Ciencia

Catedral de luz

Imaginad una catedral un kilómetro de ancho, un kilómetro de largo y un kilómetro de altura. Imaginadla a oscuras. De repente, la oscuridad se convierte en luz. Esa luz ilumina cientos de esferas, plantadas a intervalos regulares, como gigantescos racimos de uvas, como árboles lunares. Cada esfera es un dispositivo que convierte la luz que recibe en una señal eléctrica.

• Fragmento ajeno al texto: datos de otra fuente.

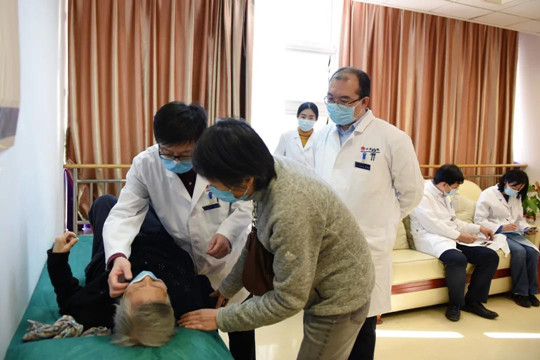 多学科协作诊疗走进门诊,北医三院为患者就医搭建绿色通道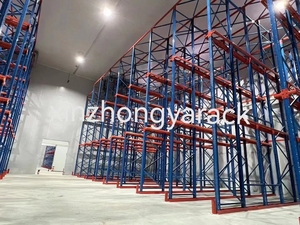 Stockage de palettes en chambre froide FILO Heavy Duty Drive in Warehousel Rack - Product Image 2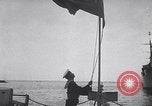 Standbild chinesischen Get US Navy Schiff San Diego California USA, 1946, aus Sekunde 9 historischem Filmmaterial Videoclip 65675036130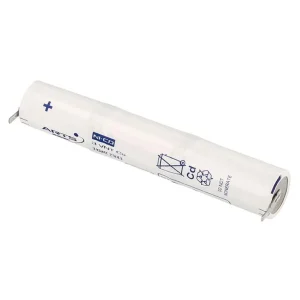 Pack Nicd 3.6v 4500mah 3s1p D - Faston F2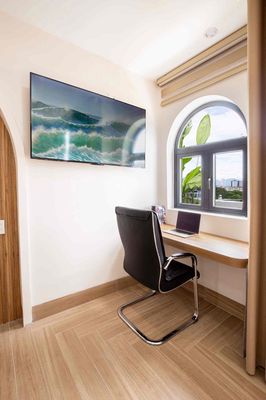 Аренда · 1 комн. · 50 м² · Quận Ngũ Hành Sơn, ул. Đường Bà Huyện Thanh Quan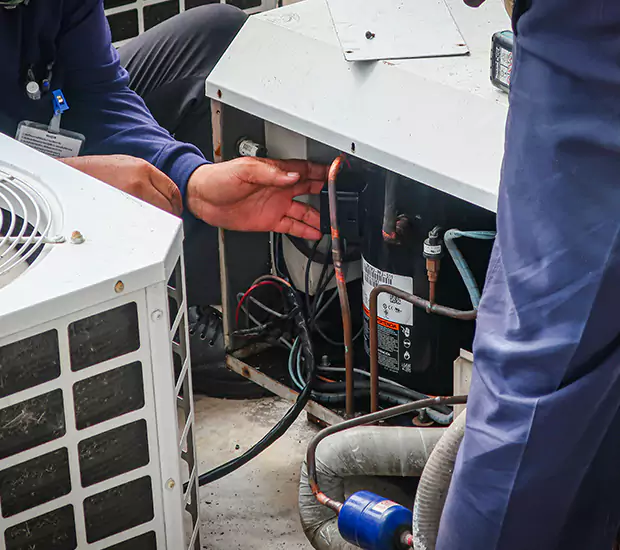 Proven AC Condenser Repair: Your Local Outdoor Unit Specialists in Pontiac, MI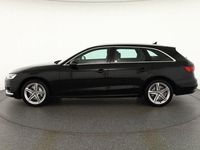 Gebraucht Audi A4 Ambiente 204 PS (150 kW) 2021 Mythosschwarz metallic (metallic) Kombi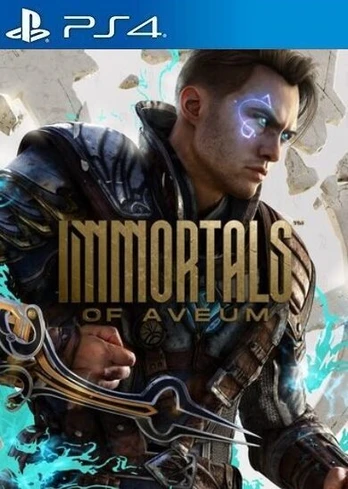 Immortals Of Aveum Playstation 4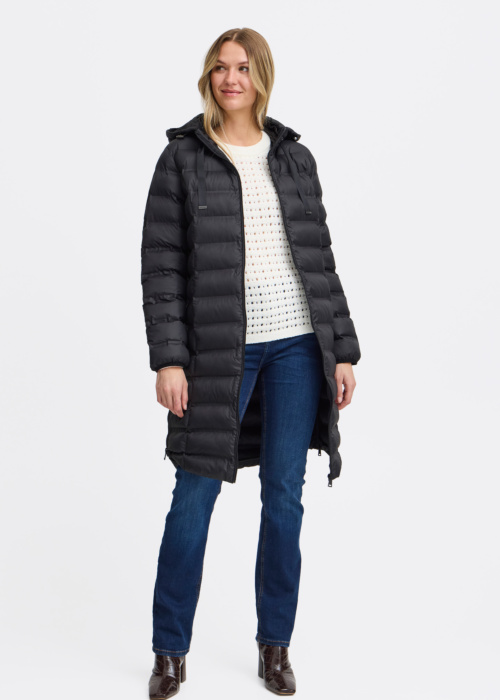 Fransa žieminis paltas Bafab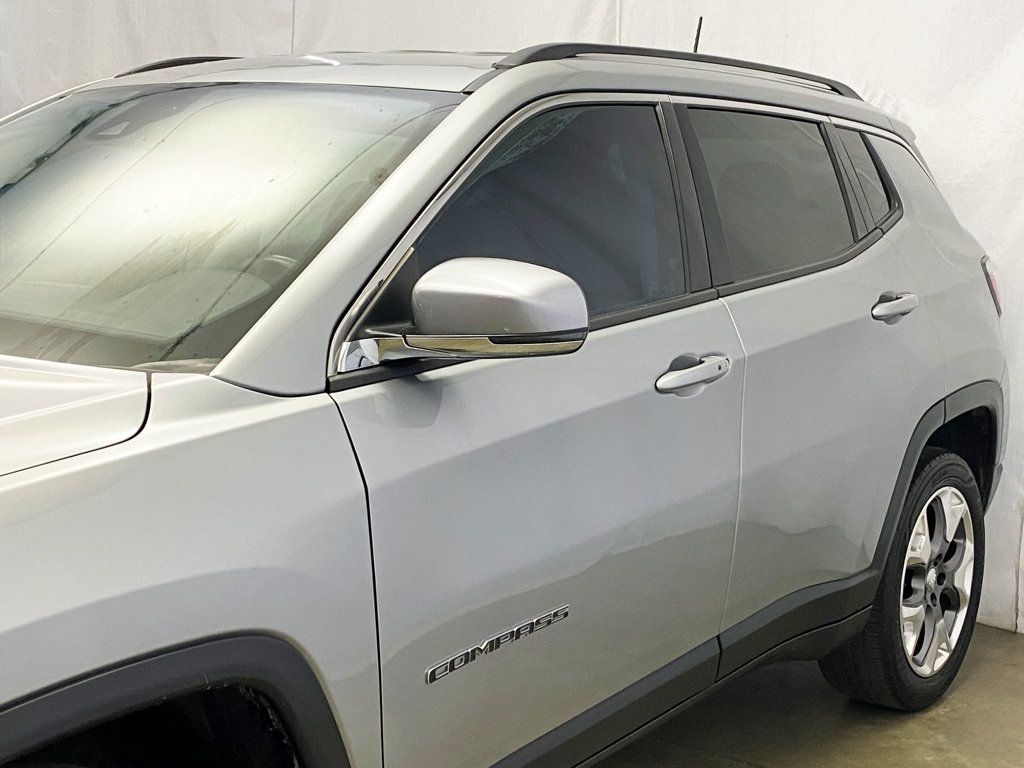 2021 Jeep Compass Limited 4x4 - 22937936 - 1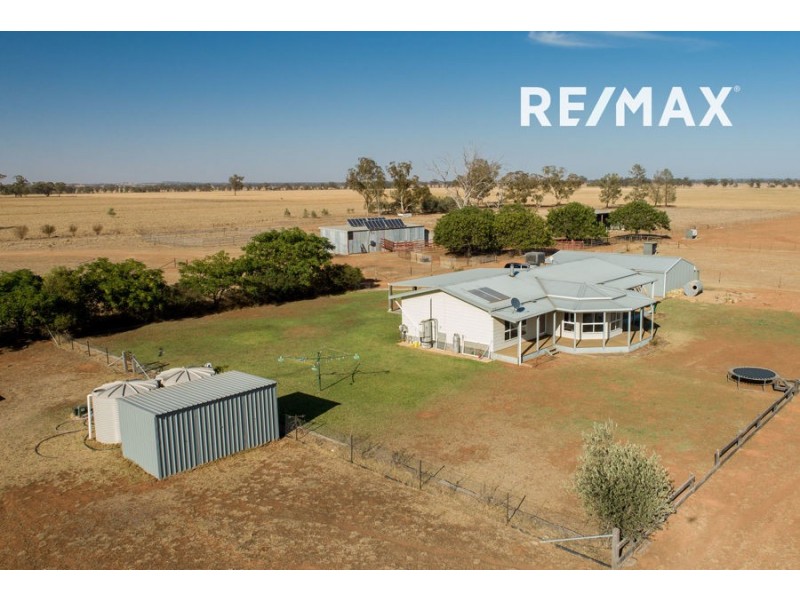 119 Gradys Lane, Coolamon NSW 2701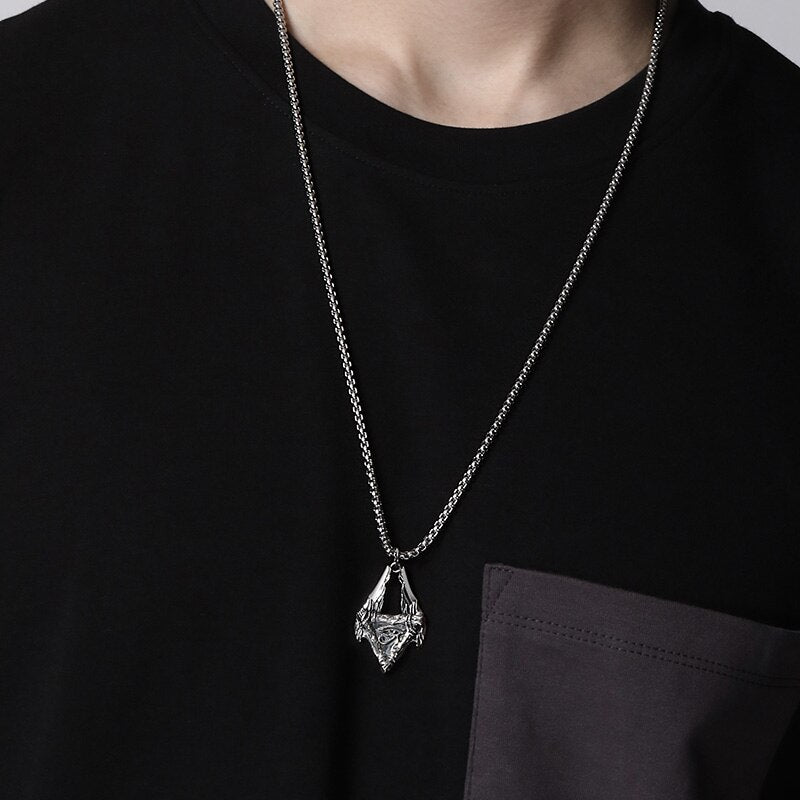 Eye of Horus Necklace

Viajando a la velocidad de la luz, las señales salen del hielo y penetran en un edificio plantado en mitad de la meseta congelada, donde son procesadas por poderosos ordenadores. El edificio parece una nave espacial plantada en un planeta hostil y en cierto sentido lo es. Se trata de la base Admundsen-Scott, diseñada para soportar las condiciones extremas que se dan en el lugar más inhóspito de la Tierra. Estamos en el polo sur geográfico, en mitad del altiplano antártico, a más de tres mil metros de altitud, un auténtico desierto congelado donde, algunas noches de invierno hace más frío que en Marte, donde, durante seis meses al año, no amanece. Aquí viven y trabajan los científicos que cuidan, como si se tratara de un bebé, del detector

IceCube, la catedral de hielo. IceCube es capaz de detectar neutrinos de inconmensurable energía, algunos de ellos procedentes de galaxias lejanas. Estudiándolos, los físicos de partículas tratamos de comprender mejor el Universo.

Y ahora, imaginad. Imaginad que un día, las señales de los neutrinos que llegan a IceCube muestran una extraña regularidad. Imaginad que, estudiándolas, descubrimos que esa regularidad no es sino un código Morse. Alguien está utilizando esas partículas para comunicarse con nosotros. ¿Por qué neutrinos? Quizás porque este mensaje solo está dirigido a civilizaciones lo bastante avanzadas y lo bastante curiosas como para construir detectores como este.

¿De quién viene el mensaje? Quizás de una civilización avanzada que se extiende por toda la galaxia. ¿Y qué dirá? Quizás, una sola palabra, que camibará para siempre el destino de nuestra especie: Bienvenidos.